Task description: Your copy begins at the line with "Let's have a" and runs through the end of the data below. Set down only those lines exactly, without pictures.

Dataset excerpt:
++++++++

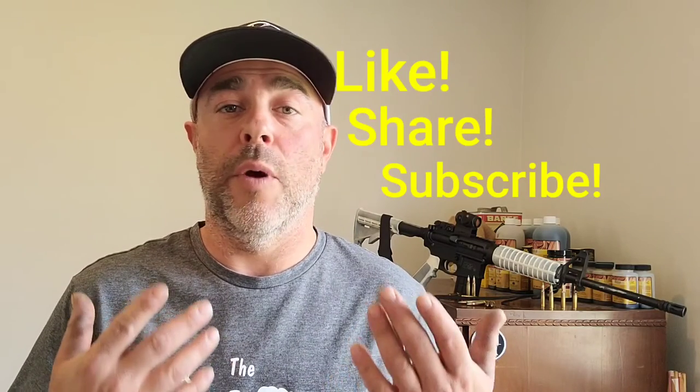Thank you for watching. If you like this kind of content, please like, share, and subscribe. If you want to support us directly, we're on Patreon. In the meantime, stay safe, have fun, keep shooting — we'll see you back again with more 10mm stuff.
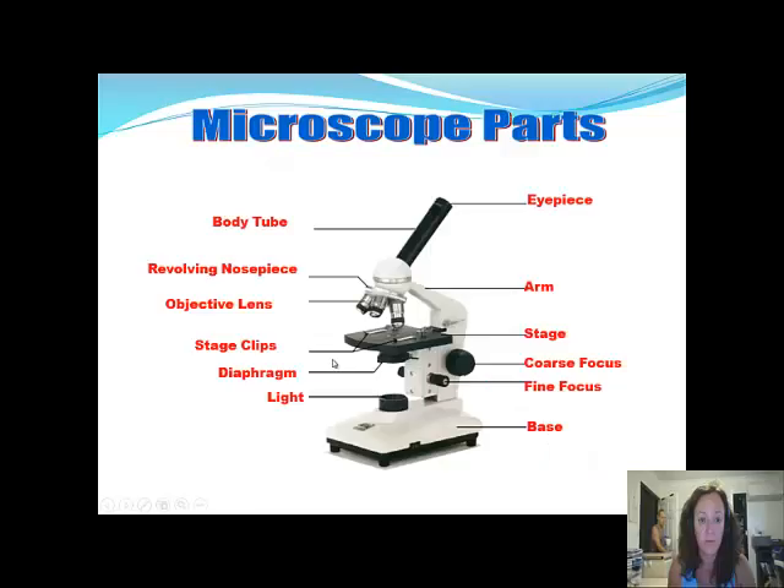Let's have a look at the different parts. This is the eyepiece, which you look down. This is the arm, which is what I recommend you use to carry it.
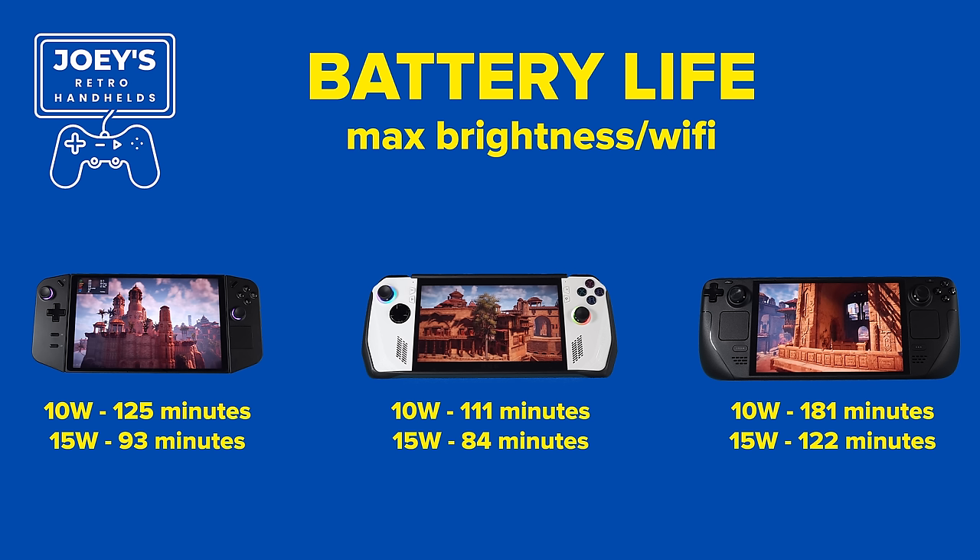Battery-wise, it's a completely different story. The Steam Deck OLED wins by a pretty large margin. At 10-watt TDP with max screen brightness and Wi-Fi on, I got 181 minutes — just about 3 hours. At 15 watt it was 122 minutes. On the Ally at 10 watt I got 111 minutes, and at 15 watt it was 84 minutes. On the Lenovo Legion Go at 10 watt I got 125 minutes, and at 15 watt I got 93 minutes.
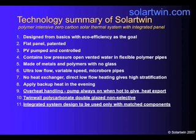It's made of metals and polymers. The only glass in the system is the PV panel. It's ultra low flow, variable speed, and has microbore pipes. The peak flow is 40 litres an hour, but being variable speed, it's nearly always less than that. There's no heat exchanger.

++++++++

Solution to this problem:
Let's have a look at the different parts. This is the eyepiece, which you look down. This is the arm, which is what I recommend you use to carry it.
Battery-wise, it's a completely different story. The Steam Deck OLED wins by a pretty large margin. At 10-watt TDP with max screen brightness and Wi-Fi on, I got 181 minutes — just about 3 hours. At 15 watt it was 122 minutes. On the Ally at 10 watt I got 111 minutes, and at 15 watt it was 84 minutes. On the Lenovo Legion Go at 10 watt I got 125 minutes, and at 15 watt I got 93 minutes.
It's made of metals and polymers. The only glass in the system is the PV panel. It's ultra low flow, variable speed, and has microbore pipes. The peak flow is 40 litres an hour, but being variable speed, it's nearly always less than that. There's no heat exchanger.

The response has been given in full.